De naam bosbouw doet het imago van onze vereniging en zelfs van ons vakgebied geen goed. Ik merk dat geregeld. ‘Bosbouwers’ zijn houttelers en worden bijvoorbeeld daarom niet betrokken bij nieuw aan te leggen bos waar recreatie of natuur het hoofddoel is.

Het is een goede gedachte om met ons maatschappelijk relevante vak meer naar buiten te treden. Maar dan niet met een naam die we iedere keer moeten uitleggen. Dat zet je in de communicatie meteen op achterstand. Bij dat uitleggen is bovendien de verleiding groot om in oude reflexen te vervallen en houtteelt te gaan verdedigen, zoals Jan den Ouden in zijn reactie. Dat is onnodig en contraproductief.
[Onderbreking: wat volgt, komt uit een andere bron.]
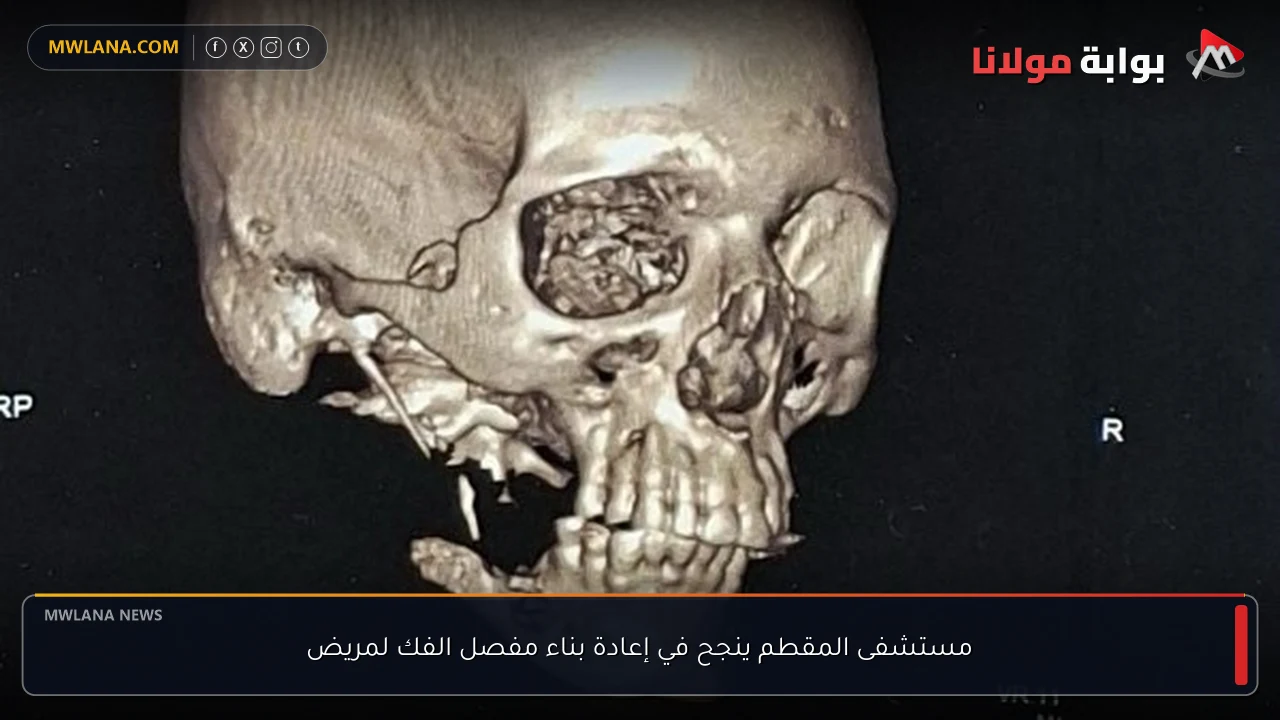 مستشفى المقطم ينجح في إعادة بناء مفصل الفك لمريض
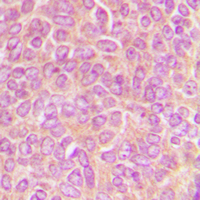 CLASP1 Antibody - Immunohistochemical analysis of CLASP1 staining in human breast cancer formalin fixed paraffin embedded tissue section. The section was pre-treated using heat mediated antigen retrieval with sodium citrate buffer (pH 6.0). The section was then incubated with the antibody at room temperature and detected using an HRP-conjugated compact polymer system. DAB was used as the chromogen. The section was then counterstained with hematoxylin and mounted with DPX.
Afscheid nemen van het woord bosbouw is geen aderlating voor de vereniging en betekent evenmin afstand doen van houtteelt. Integendeel. Een andere naam zal juist helpen in de communicatie. We hebben vanuit marketing bezien met bos en bosbeheer goud in handen. Je hoeft geen communicatiedeskundige te zijn om te bedenken dat een naam van veel invloed is op je imago

 

De communicatieopdracht? Bos is waardevol, in het bos is veel te zien en te leren en bos moet professioneel beheerd worden. Probos doet dat goed. Biodiversiteit, cultuurhistorie van boslandschappen en zelfs terreinfietsen worden door die stichting aangegrepen om de brede betekenis van het bos uit te dragen. Hulde. Laten we als vakvereniging het ongemak van de misleidende naam afgooien en onze waardevolle kennis naar de samenleving communiceren. Het komende jubileum biedt daar een uitgelezen kans voor.

 

Als we straks op ons 100 jarig bestaan van de vakvereniging trots terugblikken, zal naar voren komen dat het de eerste 75 jaar vooral om hout ging. In de 80-tiger jaren van de vorige eeuw zijn daar recreatie en natuur bij gekomen. Het wordt dus tijd dat we de verbreding van onze blik tot uiting laten komen in een andere naam. In ons vakgebied zijn we het laatste instituut dat bosbouw nog in de naam draagt. Kunnen we nog 25 jaar wachten?